## [Your objective]
Write out, word for word and with no pictures, each line below from the one containing "Luxury, Gold Roses" through the one containing "The Cusoms registered", both included, and no other line.
***** Supplied records *****
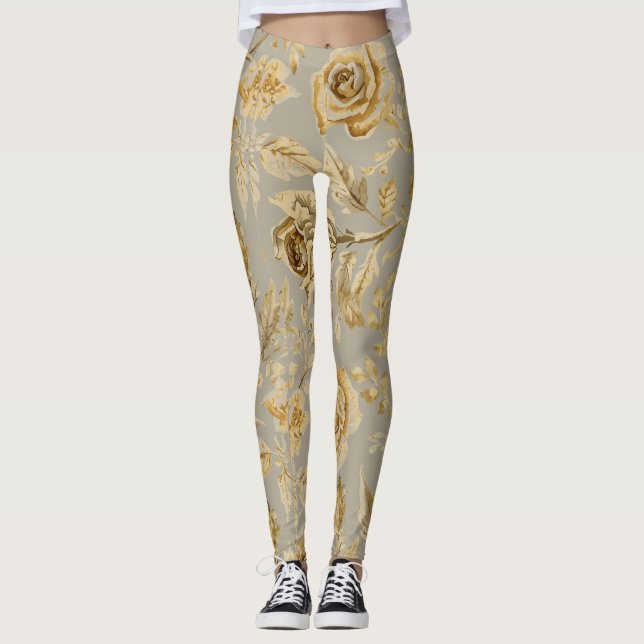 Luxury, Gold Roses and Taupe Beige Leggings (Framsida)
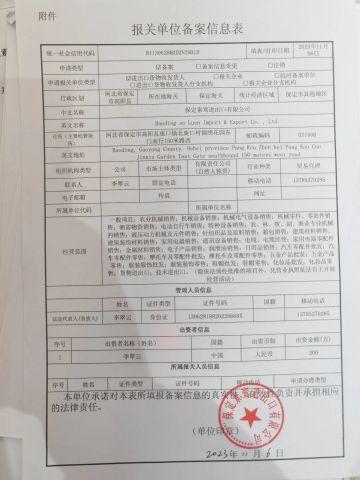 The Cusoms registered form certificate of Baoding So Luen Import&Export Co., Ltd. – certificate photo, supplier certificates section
*****
***** Supplied records *****
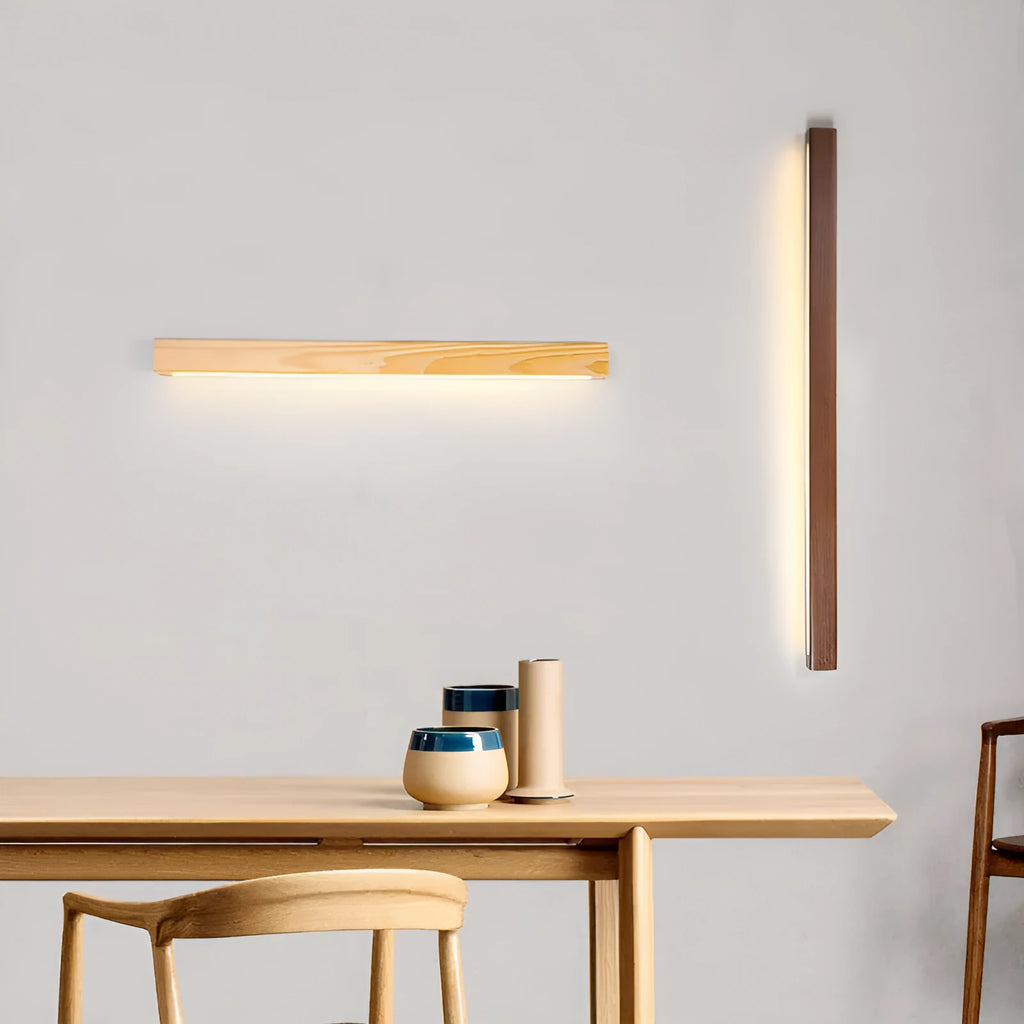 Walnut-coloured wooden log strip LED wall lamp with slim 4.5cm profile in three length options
*****
## [Solution to this problem]
 Luxury, Gold Roses and Taupe Beige Leggings (Framsida)
 The Cusoms registered form certificate of Baoding So Luen Import&Export Co., Ltd. – certificate photo, supplier certificates section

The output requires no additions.